Bologna, scoperti resti della via Emilia, subito ricoperti

Rinvenuti i resti antichi della via Emilia romana, situata soltanto a 80 cm di profondità dall'asfalto e subito ricoperti con una tombatura che li manterrà intatti per duemila anni

Bologna Main Street

Un ritrovamento inaspettato, scoperto - come al solito - durante alcuni lavori di manutenzione in centro a Bologna. Così sono venuti alla luce gli antichi resti della via Emilia romana, situata soltanto a 80 cm di profondità dall'asfalto, a differenza di alcuni tratti  - come quello nella vicina biblioteca Salaborsa - dove sono stati rinvenuti ad oltre tre metri.

Come sono stati rinvenuti, così però sono spariti: i resti emersi in via Ugo Bassi sono stati infatti subito coperti con teli in tessuto-non tessuto, sabbia e cemento, uno strato di materiali che servirà agli archeologi di riesumarli successivamente, trovandoli ancora in buono stato.
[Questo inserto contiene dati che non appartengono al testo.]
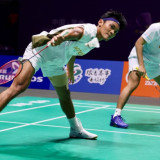 Link Live Streaming Kejuaraan Dunia BWF 2026: Ada 8 Wakil Indonesia Tampil di 16 Besar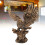 Hand Carved Eagle Home Decor 20
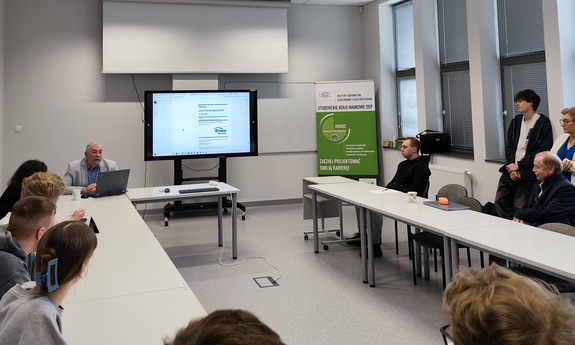 Seminarium pt.: „Urządzenia w Technice Wysokich Napięć”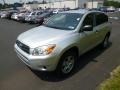 Classic Silver Metallic - RAV4 4WD Photo No. 3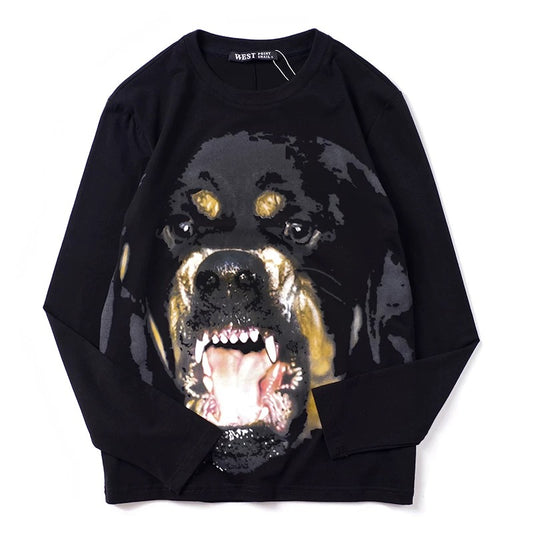 Мъжка блуза Rottweiler SS24-Clothing-Thedresscode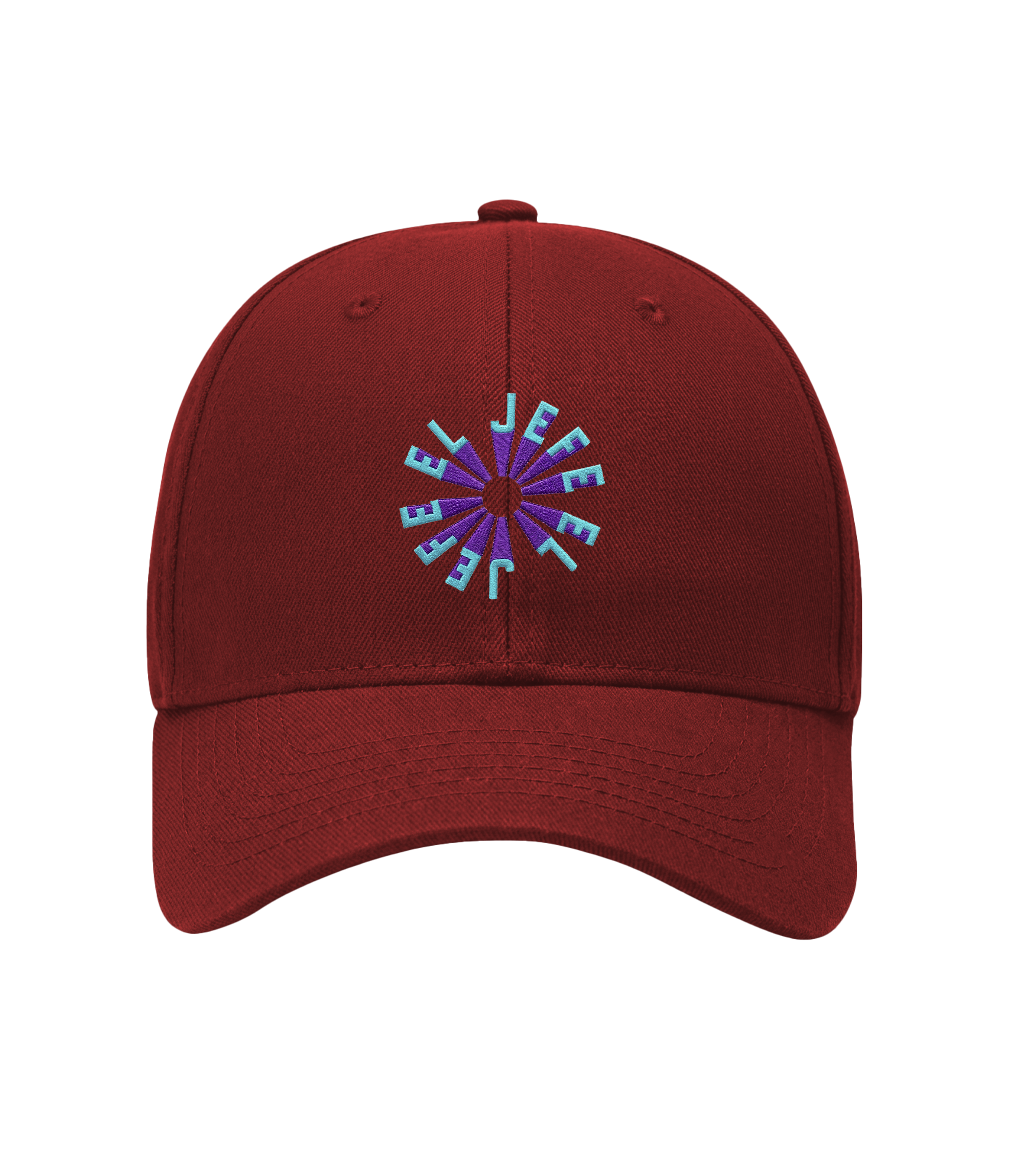 El Jefe - Gorra de Visera Curva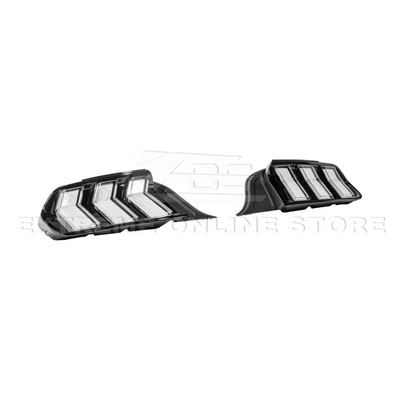 2015-23 Ford Mustang S650 EURO Sequential Signal LED Rear Taillights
Sì, ma tra duemila anni: la tombatura, infatti, manterrà tutto intatto per questo lungo lasso di tempo.

A view of the Torre degli Asinelli, in B

Il tratto risale all’epoca augustea, intorno al primo secolo dopo Cristo: fu l’imperatore Ottaviano Augusto a volere lastricare la strada con pietre particolari, blocchi di trachite dei Colli Euganei. Lo stato di conservazione è ottimo: perfettamente riconoscibili i solchi lasciati dal passaggio degli antichi carri. Un ritrovamento che nemmeno gli archeologi e gli esperti del Comune si aspettavano, che ha stupito tutti, nonostante si sappia che sotto il centro di Bologna risiedono resti di epoca romana. L’unica anomalia starebbe nella profondità. anomalia, hanno spiegato in una conferenza stampa, sta nella profondità che, come abbiamo detto, si trova tra gli 80 e i 170 centimetri.

Dallo scavo, spiega l'archeologa Renata Curina in conferenza stampa, emerge che la via Emilia fatta così venne "utilizzata per tutti secoli dell'Impero fino all'età tardo-antica", ovvero tra il quarto e il sesto secolo dopo Cristo, quando "venne rialzata con un battuto in latterizio che diventa altrettanto solido per il passaggio dei carri". La strada "è conservata dov'è e la lasceremo lì- afferma Curina- chiaramente con una copertura che ci permette di conservarla. Purtroppo non ce l'abbiamo tutta e altri tratti sono stati già sicuramente manomessi nel corso dei secoli con la crescita della città".